Stay tuned. A lot could happen, or it could all fall apart. “I’m pleased that at least they have set up something to try to work with the minority community,” says Mike Pittman, a black entrepreneur who’s seen many programs come and go. “It’s too soon to tell whether anything solid will be accomplished.” Some projects fail when too many try to take credit. “Some people start out meaning well, and then they get an agenda to promote their own organization and stay on top. There are too many people trying to stay on the throne.” And Pittman has wondered whether there are enough smart risk-takers to make minority business efforts successful: “You not only have to have a quarterback, you need a receiver who can catch the ball. And know what to do once he catches it.”

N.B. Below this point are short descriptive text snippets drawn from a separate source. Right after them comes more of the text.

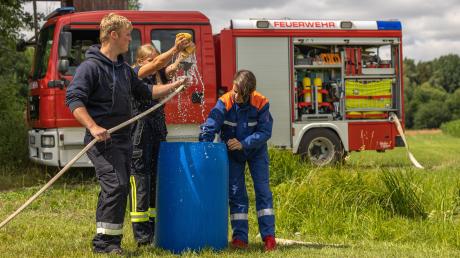 In Megesheim fand am Wochenende ein großes Zeltlager der Jugendfeuerwehren statt. Das Bild zeigt das Füllen von Wasserflaschen über einen Feuerwehrschlauch. 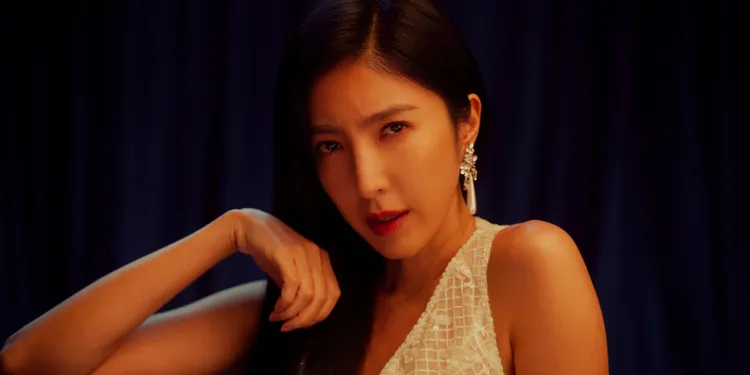 楊謹華《影后》飾敢愛敢恨大明星周凡 得知入選釜山影展消息興奮尖叫。Netflix提供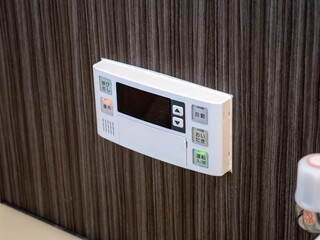 お風呂のお湯の温度や湯張り、追い焚きなどの運転を操作するためのコントローラー。機器。設備。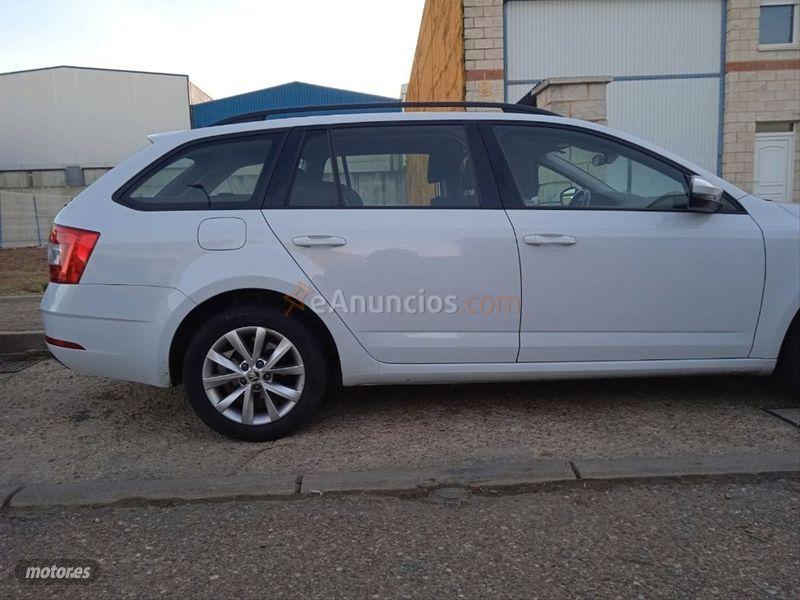 Skoda Octavia Combi 1.6 TDI CR 85KW 115CV Active de 2017 con 178.000 Km por 10.490 EUR. en Palencia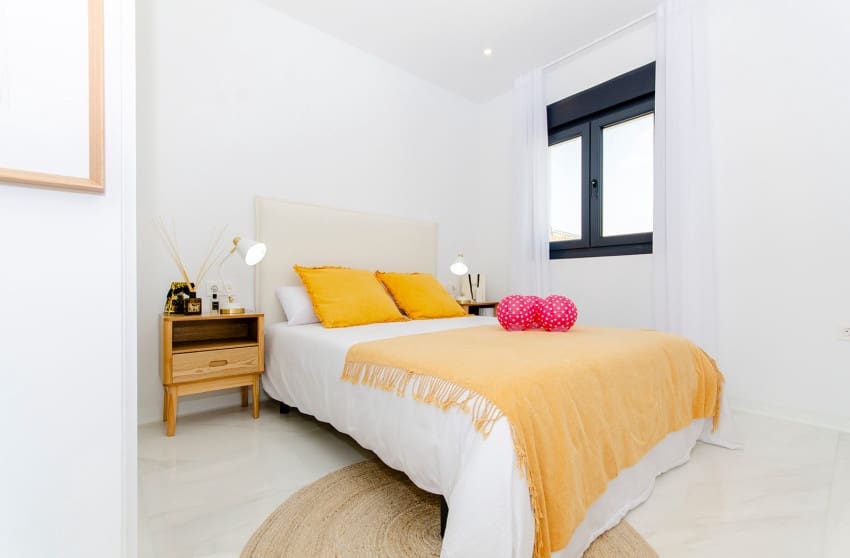 Casa de 3 habitaciones en Entre Naranjos en venta con piscina - 395.000 € (Ref: 10172948)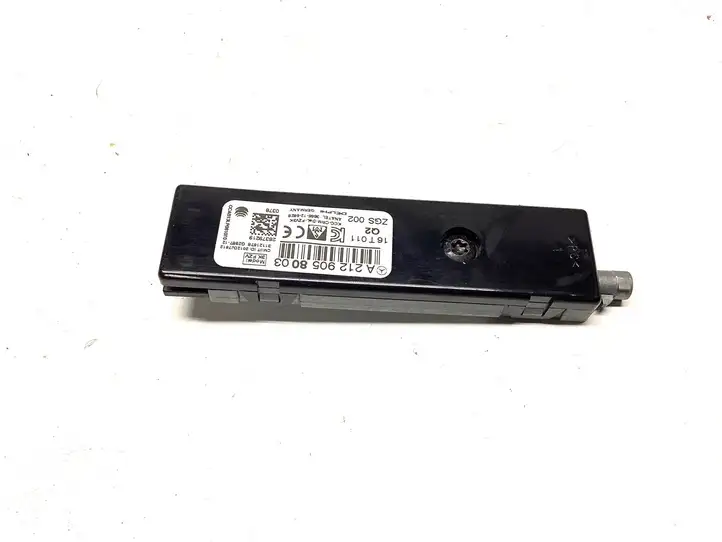 Mercedes-Benz E W212 (2009 - 2016) A2129058003 Усилитель антенны — фото 3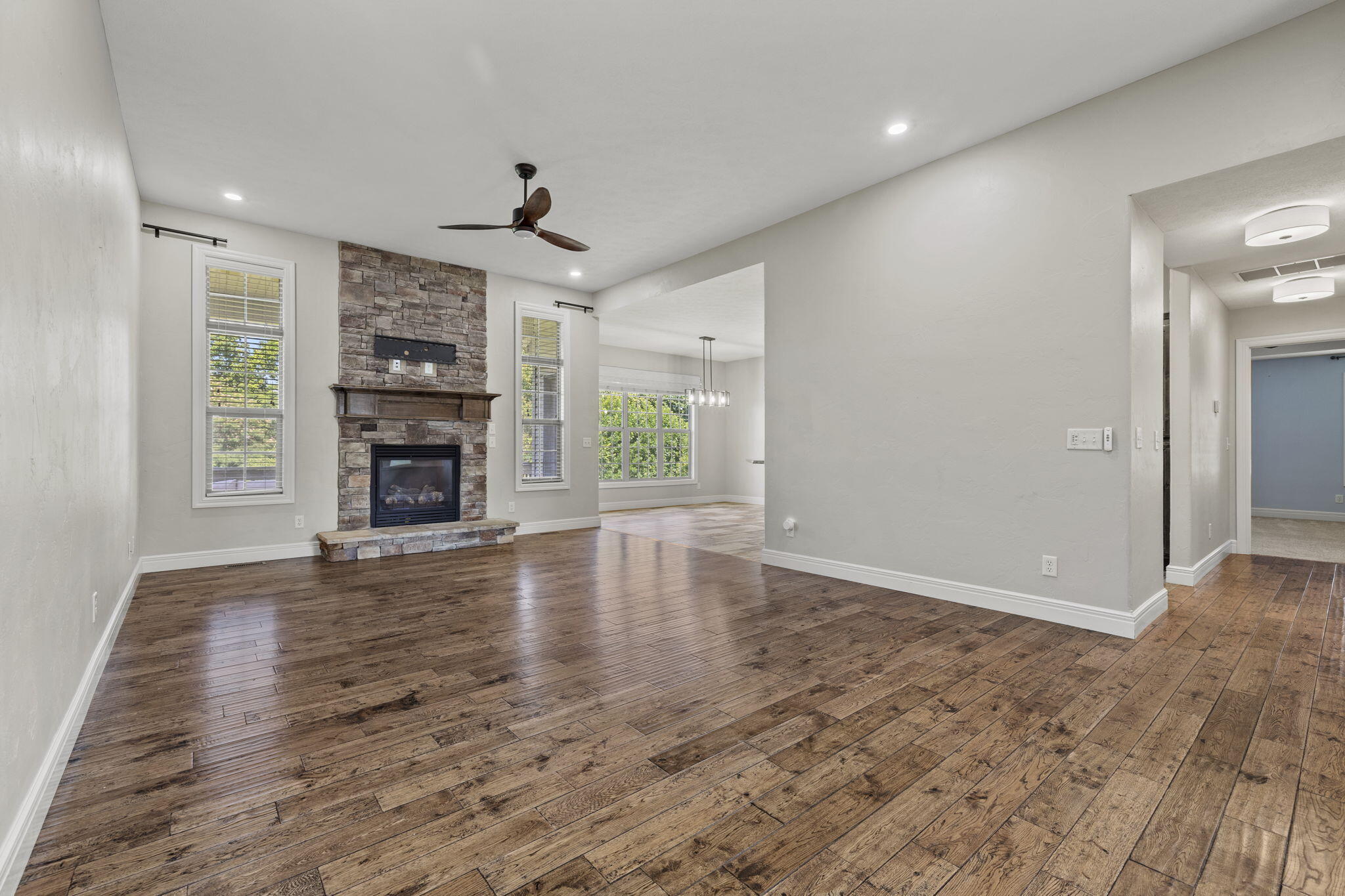 5323 South Carson Street Property Photo 8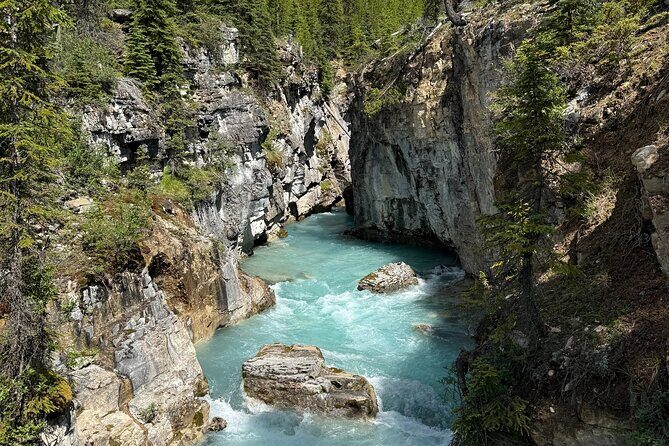 Private Banff Day Tour Lake Minnewanka and Lake Louise and more - An In-Depth Look at the Itinerary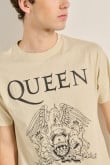 Camiseta kaki con cuello redondo y diseño de Queen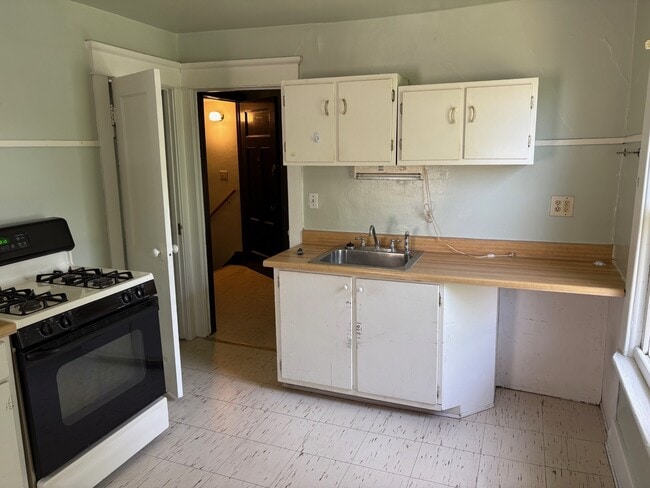 Photo - 1906 Poplar St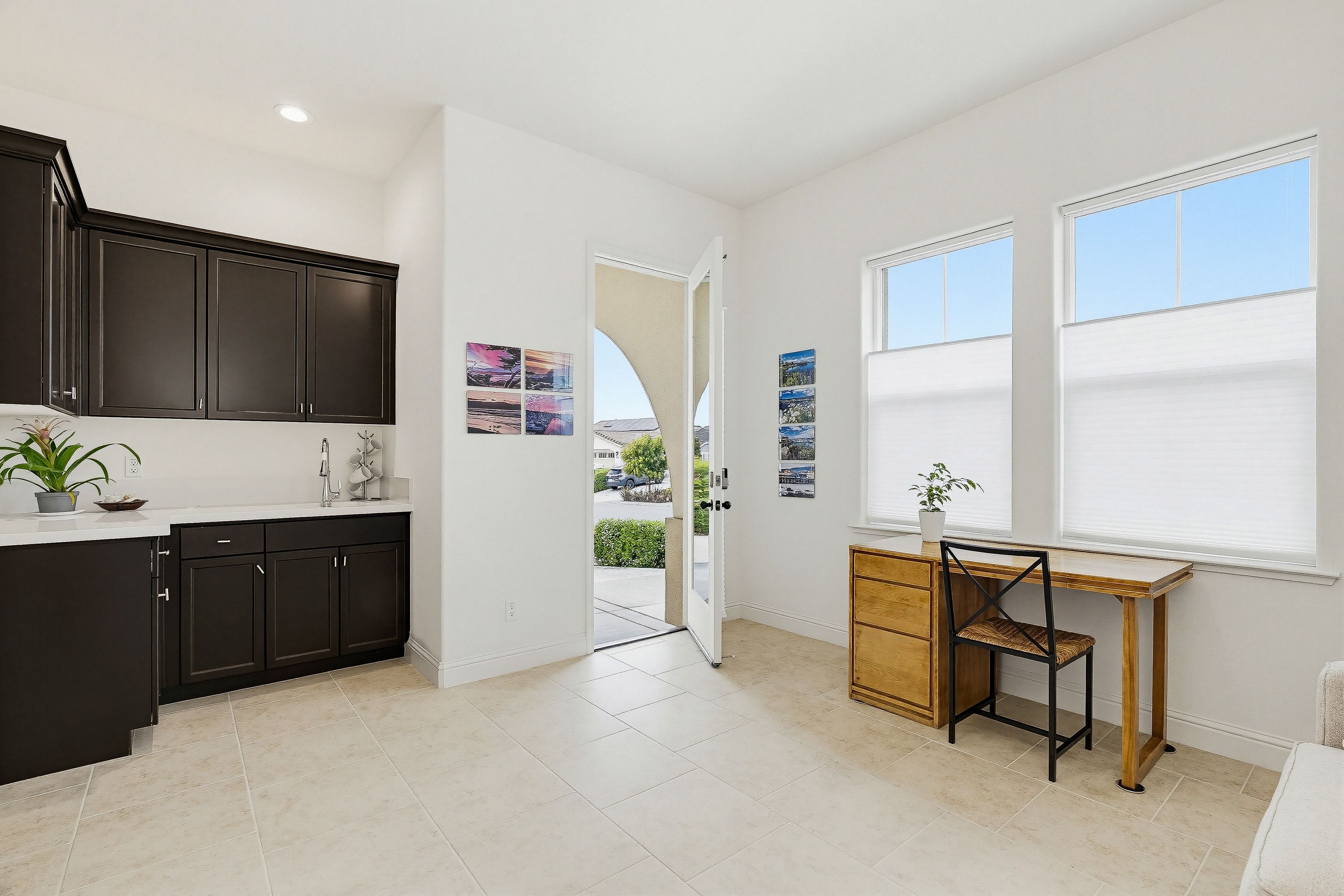  600 Bluffs Drive - 物件實景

Even so, many are giving credit to one quarterback for getting the game off to a good start. “Gary Plummer has been a breath of fresh air at the Chamber,” says Pittman. Mayor Tim Davlin calls Plummer “relentless,” a sentiment echoed by Rowles: “This guy is determined to make this happen. It took great courage to make diversity development part of the Q5 program.”

Fletcher Farrar, president of Illinois Times, is a member of the board of The Springfield Project.